Greg Cochran writes: “In World War II. It’s not clear that there actually were any. This isn’t always mentioned in histories, but a lot of what Japan did in the Pacific made no sense at all.”

COMMENTS:

* The US Navy’s “island hopping” strategy involved establishing as few bases as possible, whose strategic location allowed the US to make the bypassed, Japanese-occupied islands irrelevant and unsustainable strategic absurdities. On the few occassions when the US dropped the “island hopping” strategy, e.g. McArthur’s ego-driven invasion of the Philipines, the result was a blood-drenched catastrophe. If the Philippines had not been invaded by the US, the Japanese forces there would have surrendered when Japan did in August 1945. Instead, there was a brutal, eleven-month, totally unnecessary battle for the Philippines that did not end until Japan’s total surrender in August 1945, cost untold numbers of American, Philippine, and Japanese lives, and ravaged the Philippine’s, including the total destruction of Manila.
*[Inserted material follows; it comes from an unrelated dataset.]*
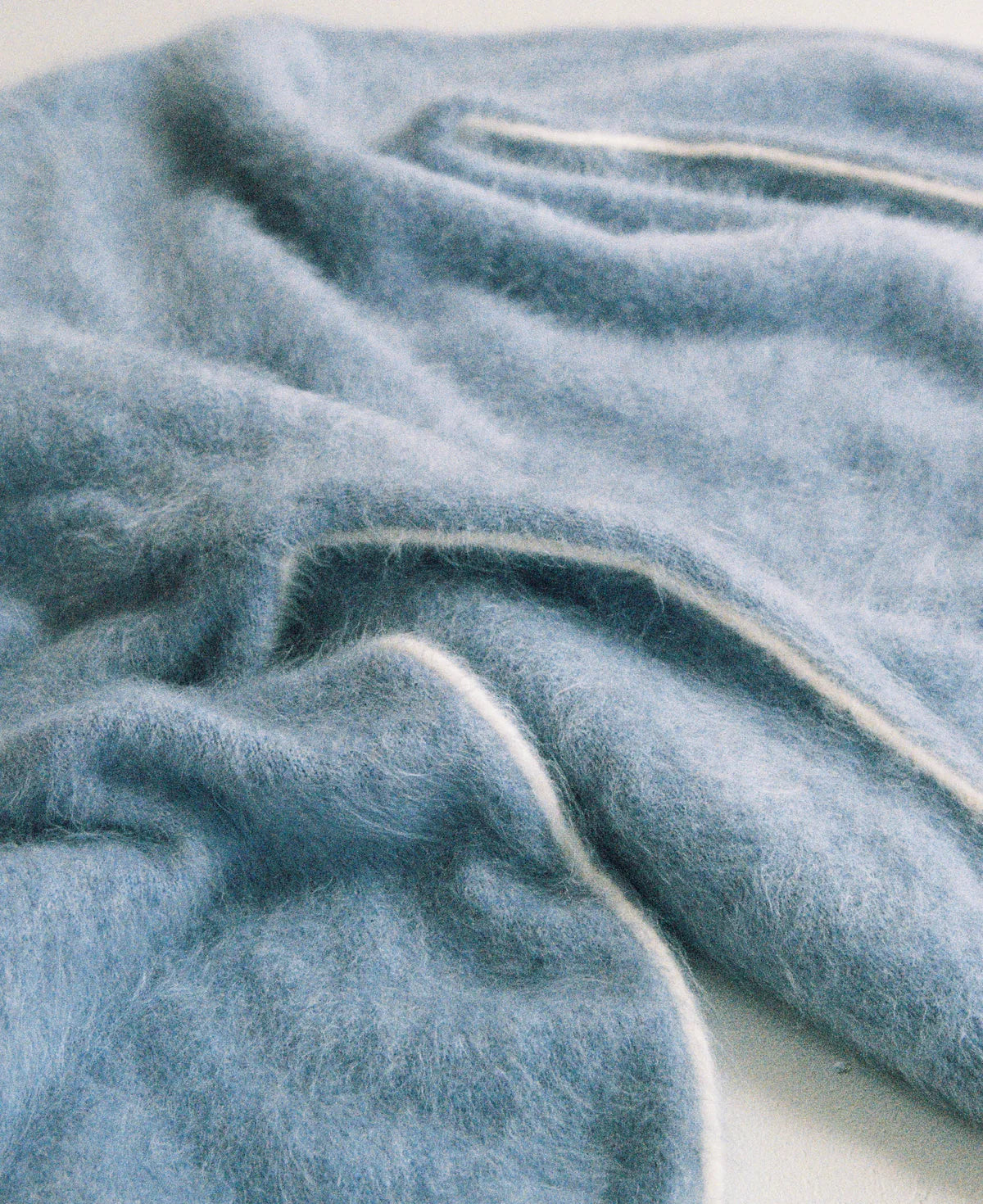 Nagnata Brushed Alpaca Sweater Mist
Japan’s biggest mistake was thinking that its far-flung island bases in the Pacific could provide mutual military support to one another and then be resupplied by Japanese maru and submarines. In fact, the island bases were too far apart to support one another and unrestricted US submarine warfare and absolute air superiority ensured that their regular ressuply was a logistic impossibility.

* This seems to be a basic aspect of Japanese culture. An acquaintance was invited to Japan to act as a software consultant to the Japanese tech industries during their big 4GL push in the late 1980s and early 1990s. He was ideal for this position since he was an experienced software engineer and had enough Japanese to get by. (For those who don’t remember, Japanese 4GL was intended to give Japan a permanent edge in computer technology. Despite the hype it turned out to be a total bust.) When my acquaintance returned after three years working in Japan he explained the Japanese failure. Their culture was totally unsuited to the give and take he thought necessary for efficient software engineering. He told us that there was a phrase he learned to dread. It would pop up after a subordinate had been given marching orders by a superior. Its essential meaning was, “Yes. I will attempt with all my power to achieve what you ask. But you and I both know this task is hopeless and doomed to failure.”

* Greg Cochran: “In WWI, the Germans were assholes. Judging from their actions and stated intentions, they would have been far harsher in victory than the Allies were – for example annexing Belgium, and parts of Northern France, along with all of Poland and huge chunks of Russia.

In WWII they were monsters.”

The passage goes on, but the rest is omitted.